● ASSIGNED TASK
Please, starting at the line that contains "K18 刻印 カメオブローチ兼ペンダントトップ シェルカメオブローチ K18", reproduce every line exactly until the records run out, skipping all pictures.

(Captioned web images)
• • • •

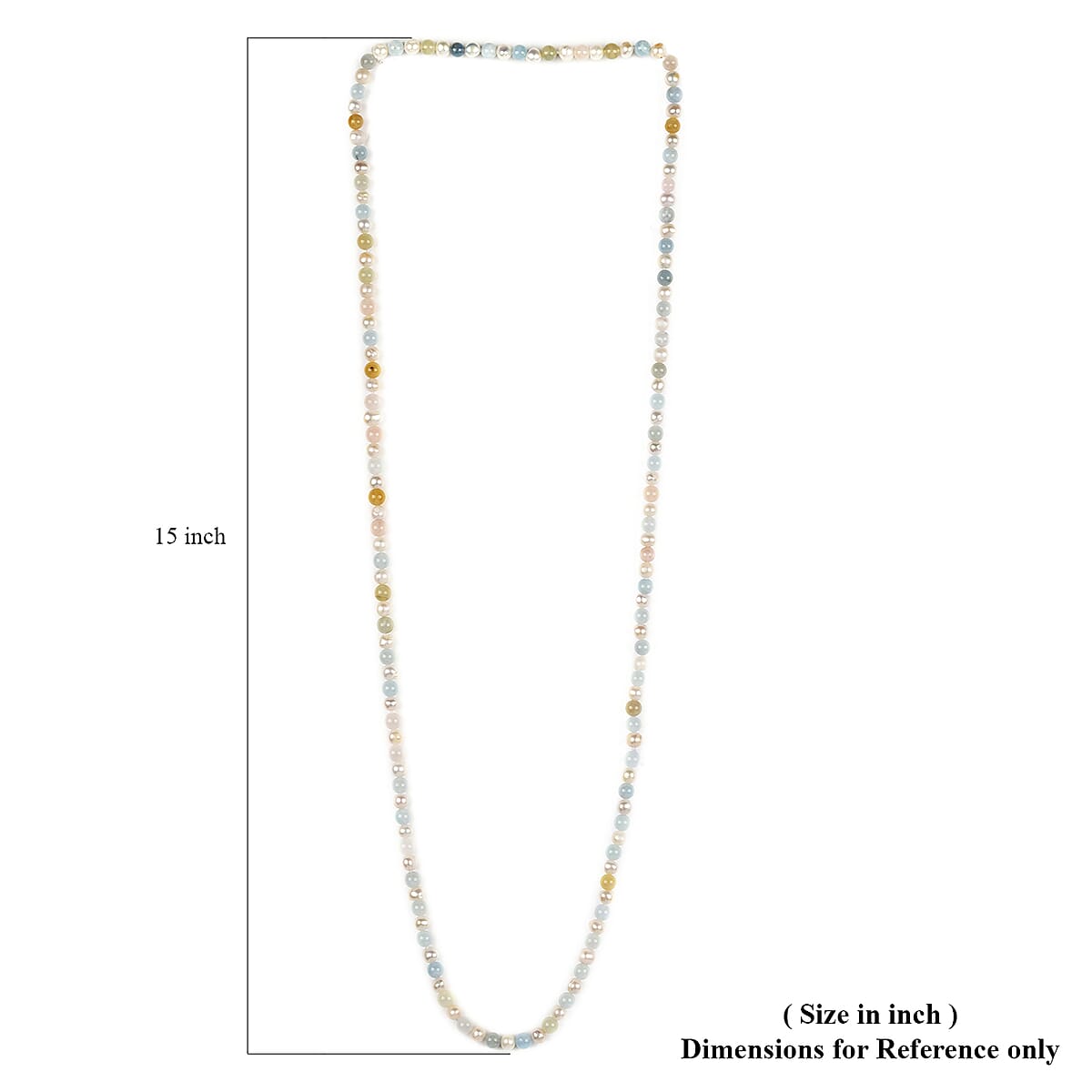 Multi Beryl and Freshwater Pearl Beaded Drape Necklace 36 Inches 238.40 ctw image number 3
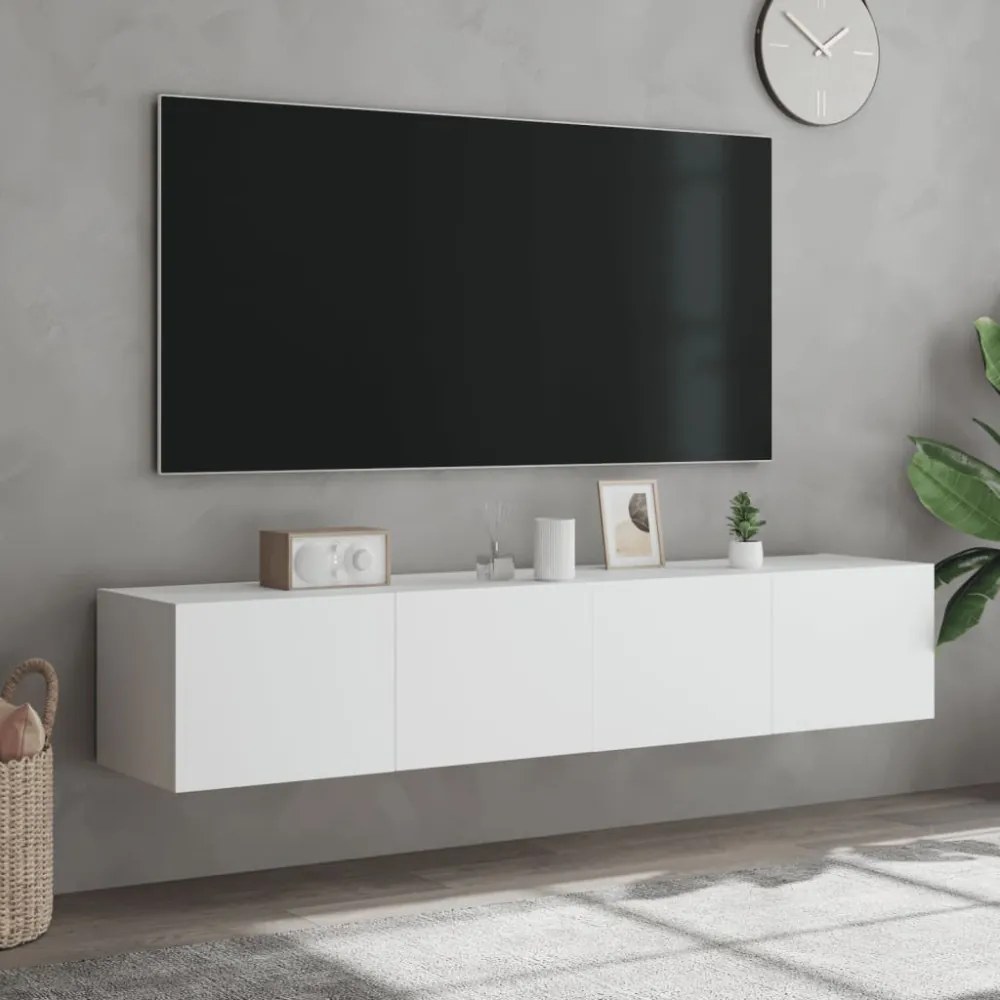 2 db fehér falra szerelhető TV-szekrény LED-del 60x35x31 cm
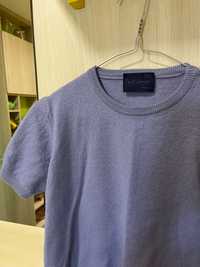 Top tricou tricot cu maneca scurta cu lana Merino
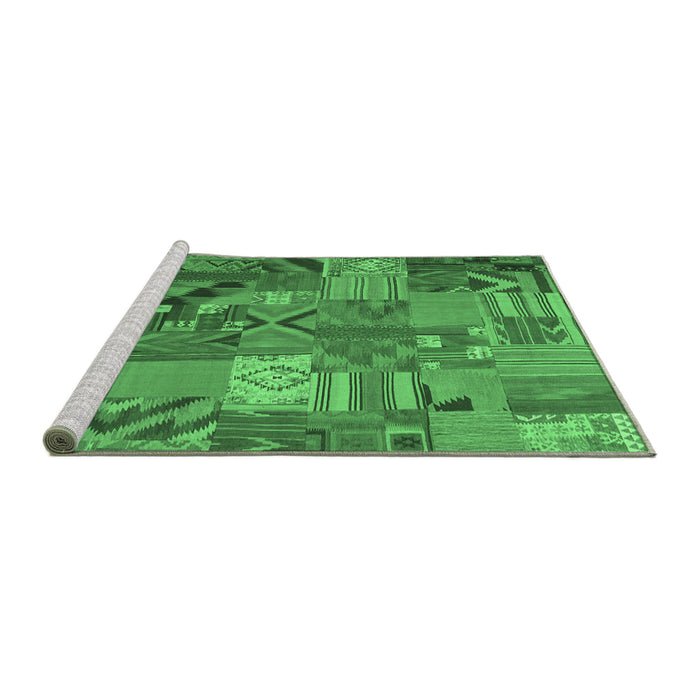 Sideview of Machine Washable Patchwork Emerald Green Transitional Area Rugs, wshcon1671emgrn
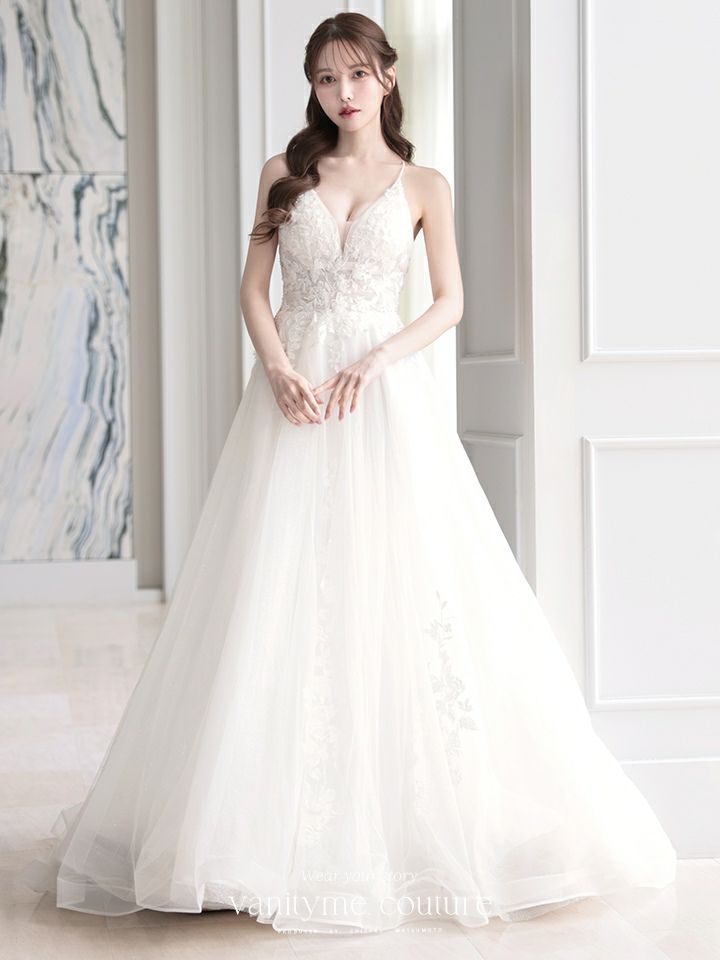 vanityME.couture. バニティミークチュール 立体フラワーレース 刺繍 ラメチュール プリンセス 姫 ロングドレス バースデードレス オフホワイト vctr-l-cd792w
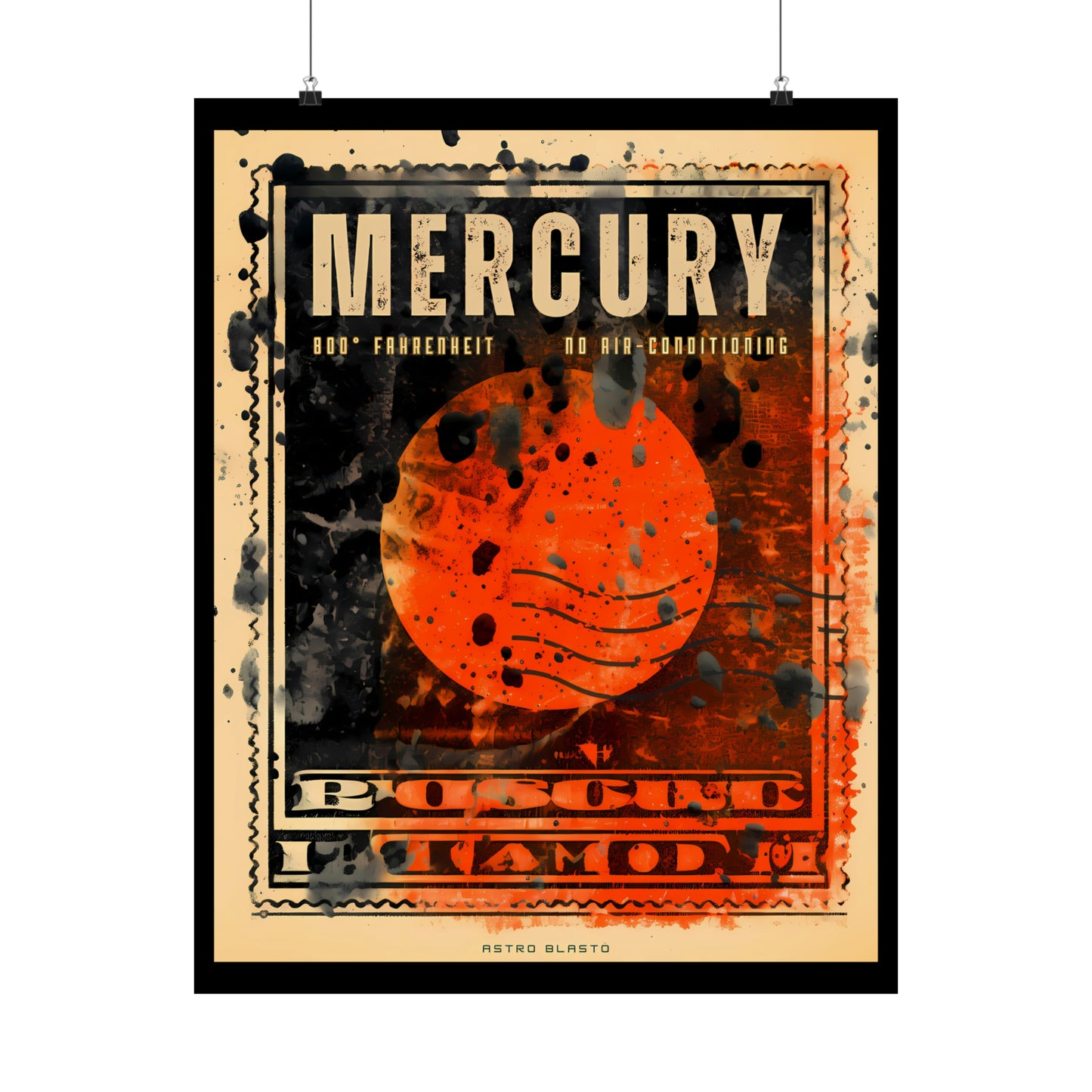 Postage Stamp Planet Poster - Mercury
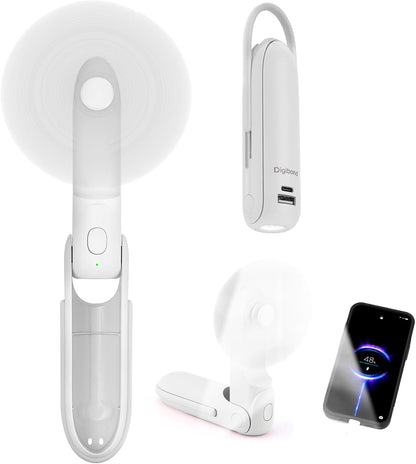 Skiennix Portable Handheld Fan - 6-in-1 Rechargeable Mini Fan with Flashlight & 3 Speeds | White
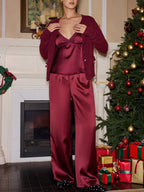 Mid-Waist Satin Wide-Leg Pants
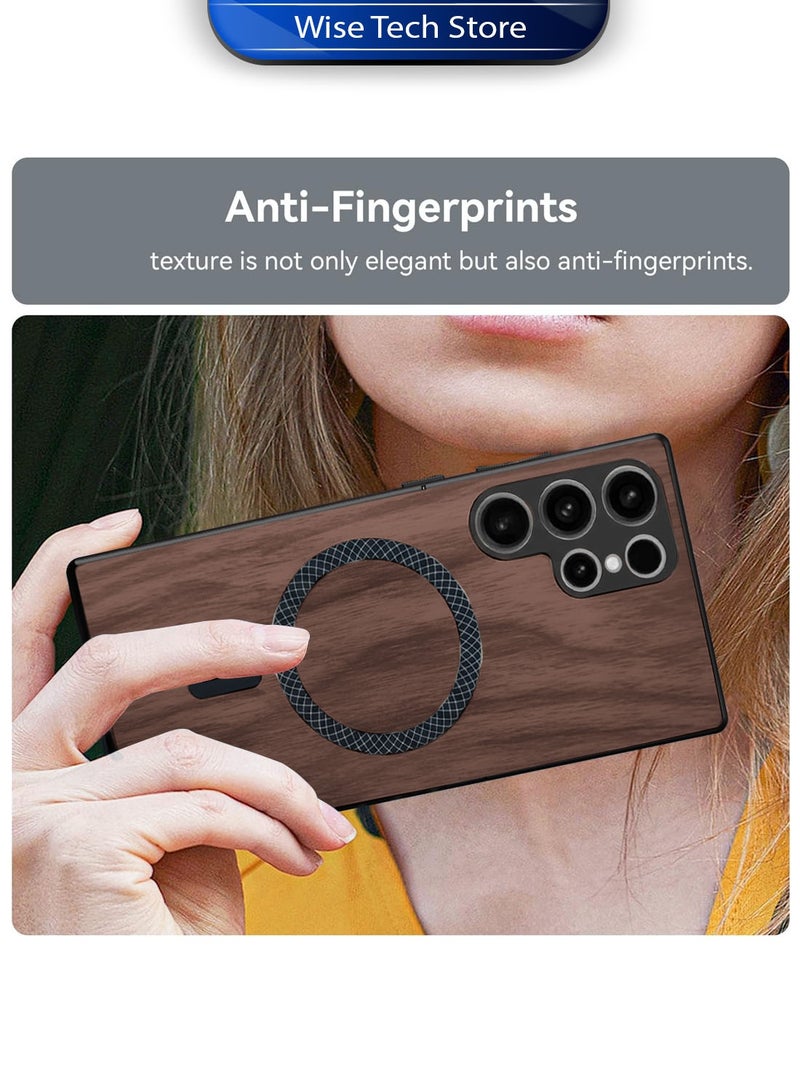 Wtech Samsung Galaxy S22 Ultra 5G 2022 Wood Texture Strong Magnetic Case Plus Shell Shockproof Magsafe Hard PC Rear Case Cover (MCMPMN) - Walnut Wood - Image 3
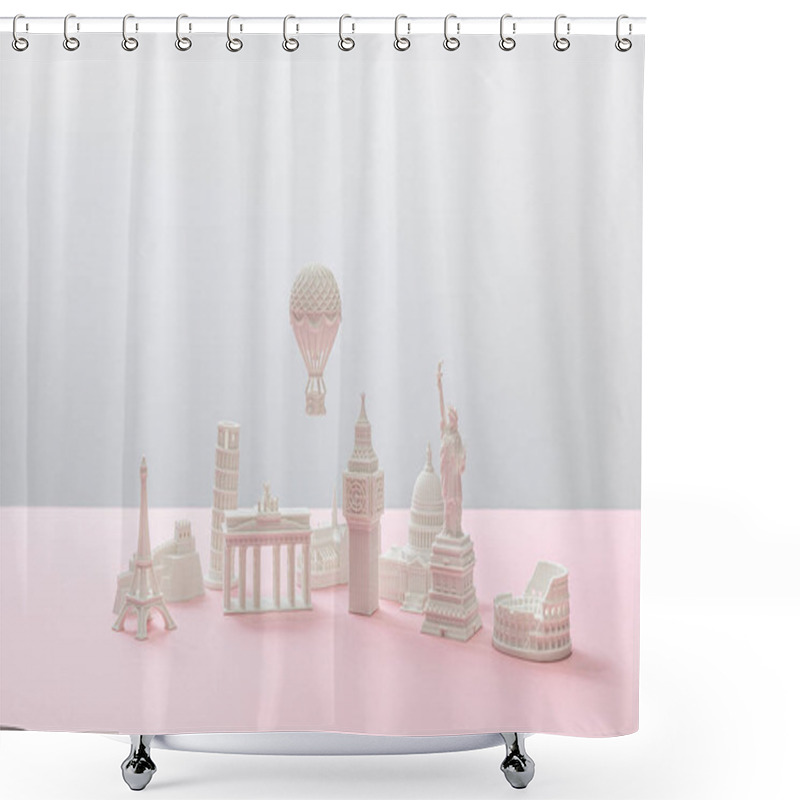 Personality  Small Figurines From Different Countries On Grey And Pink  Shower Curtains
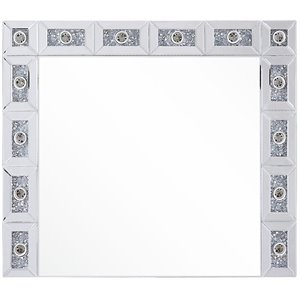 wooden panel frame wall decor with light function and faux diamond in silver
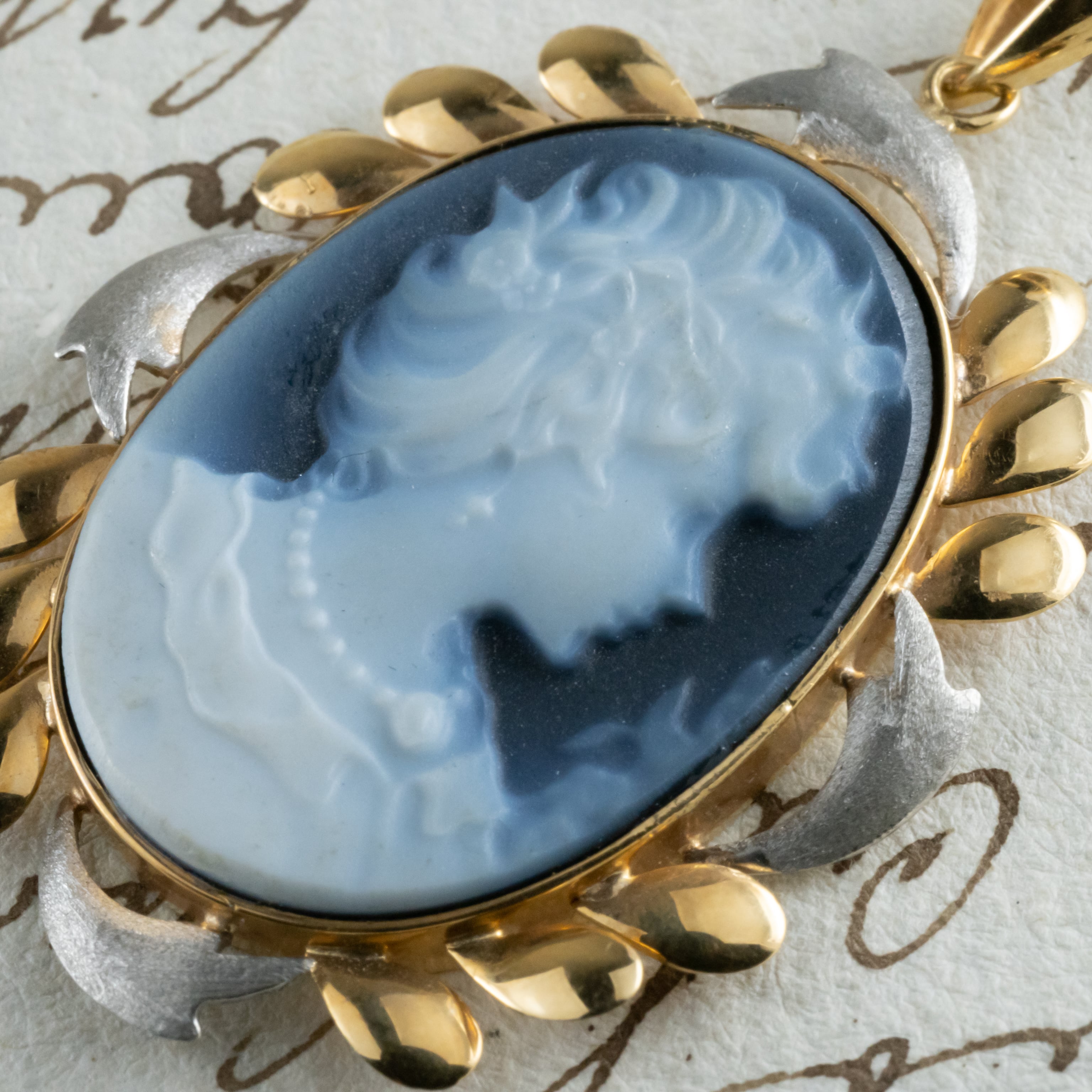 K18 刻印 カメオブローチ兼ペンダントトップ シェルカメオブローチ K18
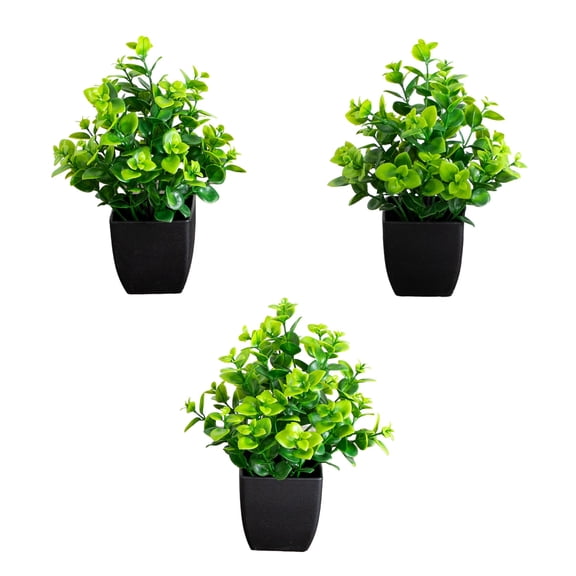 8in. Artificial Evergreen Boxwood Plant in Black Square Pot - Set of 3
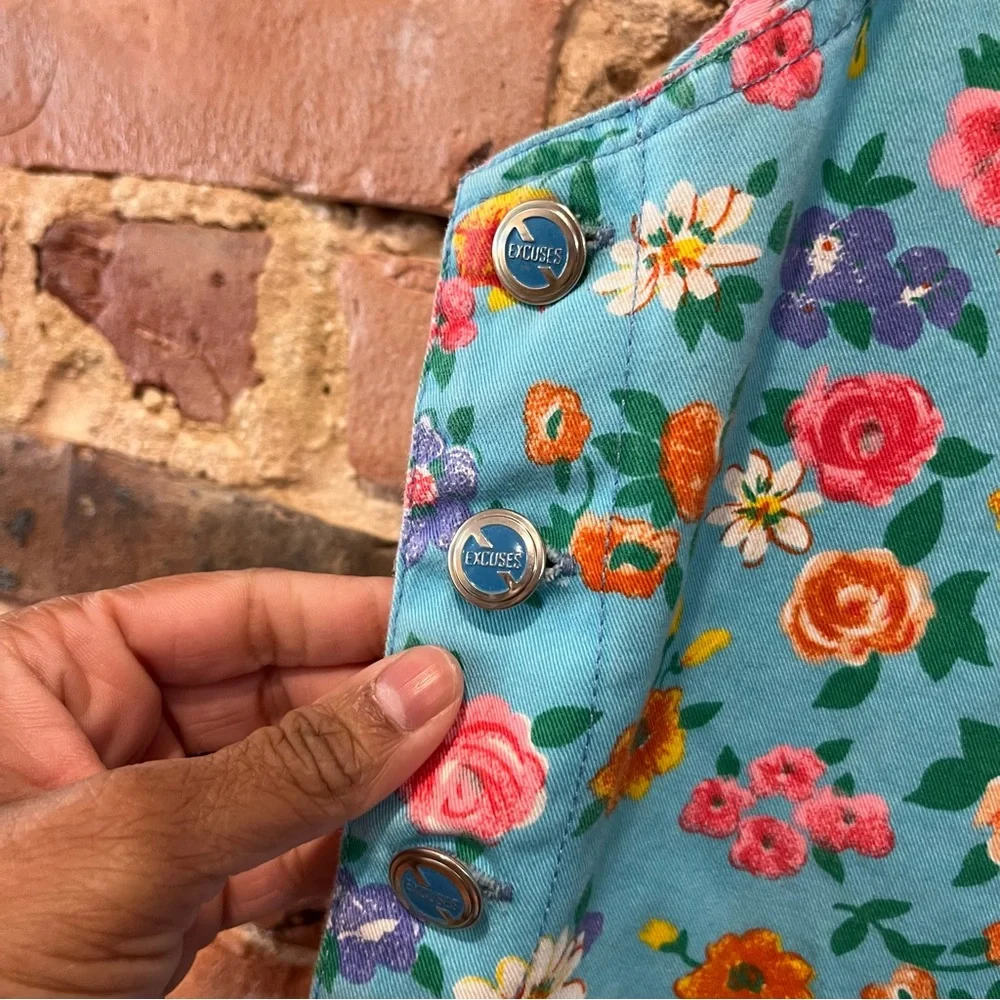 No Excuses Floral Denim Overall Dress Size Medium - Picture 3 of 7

• • • •

● ANSWER TO THIS PROBLEM
 K18 刻印 カメオブローチ兼ペンダントトップ シェルカメオブローチ K18
 8in. Artificial Evergreen Boxwood Plant in Black Square Pot - Set of 3
 No Excuses Floral Denim Overall Dress Size Medium - Picture 3 of 7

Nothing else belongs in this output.